J’ai pris conscience de cette immense pression que subissent (et se mettent)les femmes pour être séduisantes en travaillant au magazine Elle Québec. Être exposée mois après mois, année après année, à des photos de mode avec des mannequins faméliques et à d’innombrables publicités de crèmes anticellulite a sans doute accéléré cette prise de conscience.

Mais c’est surtout les nombreux articles que nous avons publiés sur la dictature de la beauté qui m’ont ouvert les yeux. À force d’essayer de comprendre pourquoi notre société est obsédée par la minceur, pourquoi les jeunes filles sont hypersexualisées, pourquoi les mannequins sont si maigres, j’ai compris que les petites luttes personnelles pour perdre quelques livres ou camoufler ses pattes d’oie sont loin d’être anodines. Chacune à sa manière illustre l’obsession de beauté qui écrase les femmes. En d’autres mots, nous portons toutes une « burqa de chair », comme l’a si justement appelée l’écrivaine Nelly Arcan en référence à ce voile intégral bleu ajouré à la hauteur des yeux que portent les Afghanes.

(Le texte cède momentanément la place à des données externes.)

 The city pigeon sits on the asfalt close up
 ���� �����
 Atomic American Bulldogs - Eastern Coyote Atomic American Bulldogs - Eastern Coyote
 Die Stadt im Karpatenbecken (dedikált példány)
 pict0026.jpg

Plusieurs autres écrivaines m’ont aidée à appréhender cette prison intérieure. Eve Ensler, qui a écrit les célèbres Monologues du vagin, a parcouru 40 pays pendant six ans et réalisé de multiples entrevues pour publier son livre (devenu Onewoman Show) Un corps parfait. Dans une entrevue publiée en 2007, elle soutenait que toutes les femmes de la planète haïssent au moins une partie de leur corps. Le hic, c’est que nous sommes en partie responsables si nous subissons encore la dictature de la beauté, rajoutait-elle, car le problème n’est pas nouveau. Il est temps que les femmes aient le courage de s’assumer telles qu’elles sont et arrêtent de dépenser temps, énergie et argent pour plaire.

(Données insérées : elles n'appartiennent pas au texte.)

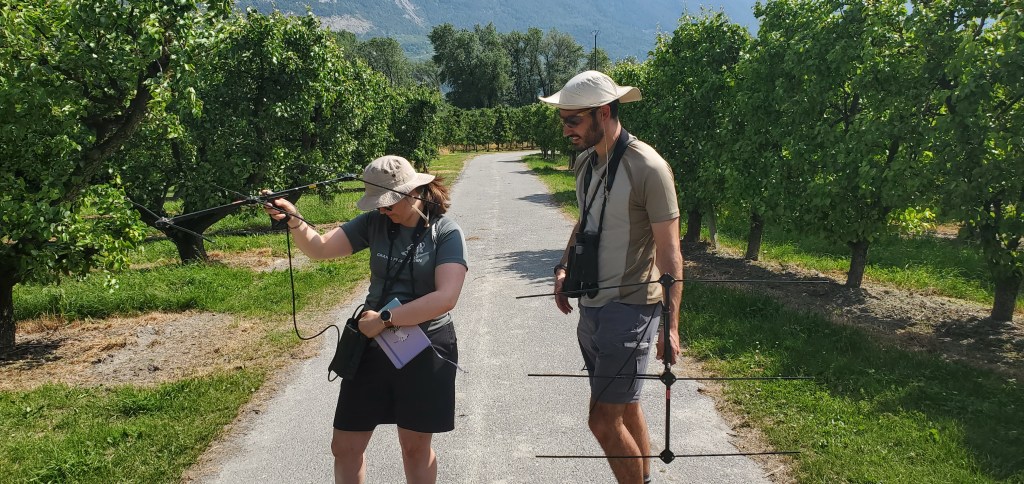 Summer field seasons&nbsp;conclude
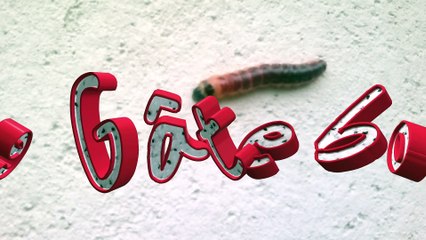 2012-05-22 Le GÂTE-BOIS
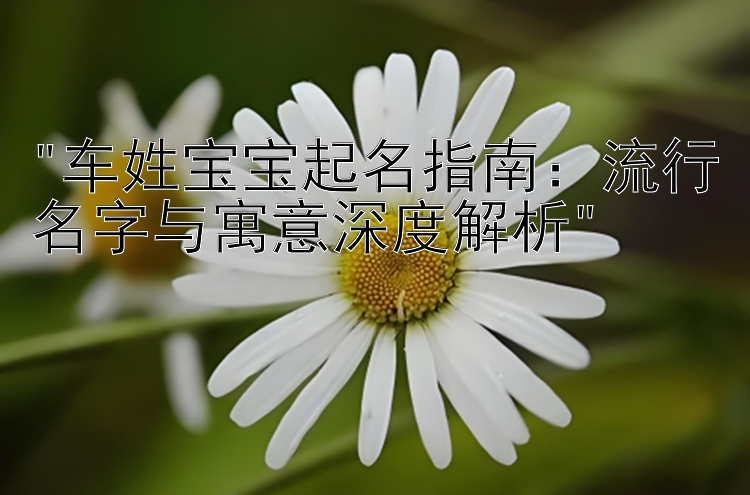 车姓宝宝起名指南：流行名字与寓意深度解析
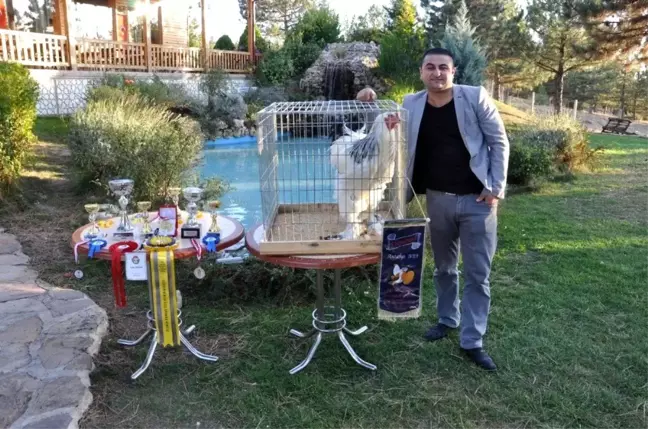 Araba parasına bir horoz iki tavuk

Deux ans plus tard, c’était au tour de la psychothérapeute britannique Susie Orbach de dénoncer les diktats de l’apparence dans son essai Bodies. On essaye à tout prix de correspondre à un archétype hollywoodien : un corps mince, éternellement jeune et en forme, avec de gros seins pour les femmes et des pectoraux en béton pour les hommes. Or, ce modèle de perfection est inatteignable car il est irréaliste, expliquait-elle. Et sa quête engendre énormément de souffrance.

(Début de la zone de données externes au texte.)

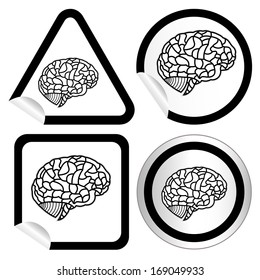 brain model on sticker icon web button. EPS10 illustration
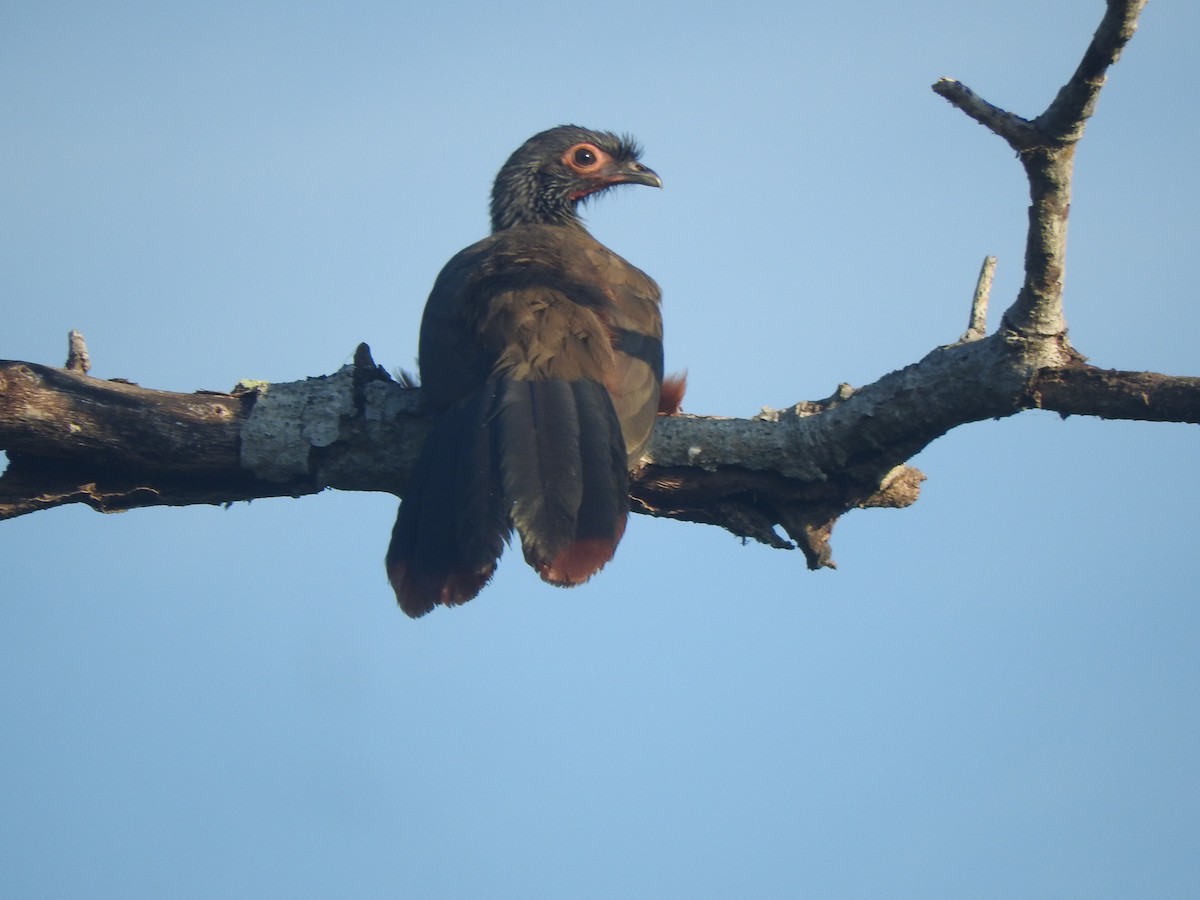 Rufous-bellied Chachalaca - ML647045048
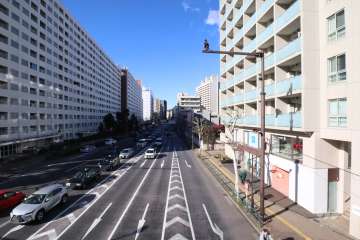敷地西側の前面道路(南側から)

La jeune féministe québécoise Léa Clermont-Dion connaît bien cette souffrance puisqu’elle a été anorexique à l’âge de 12 ans. « J’ai longtemps détesté mon corps », m’a-t-elle confié lorsque je l’ai interviewée à la sortie de son essai La revanche des moches, en 2014. Pourquoi sommes-nous individuellement et collectivement obsédés par la beauté ? Pourquoi deux Québécoises sur trois veulent perdre du poids et que le nombre d’injections de Botox a augmenté de 621 % entre 2000 et 2014 en Amérique du Nord ? L’omniprésence des images dans notre société y est pour quelque chose, soutient la jeune femme, mais surtout, l’industrie des cosmétiques, de la chirurgie esthétique et des produits amincissants engrange d’énormes profits sur le dos de notre insécurité. Elle a donc tout intérêt à encourager notre quête incessante de jeunesse et de minceur.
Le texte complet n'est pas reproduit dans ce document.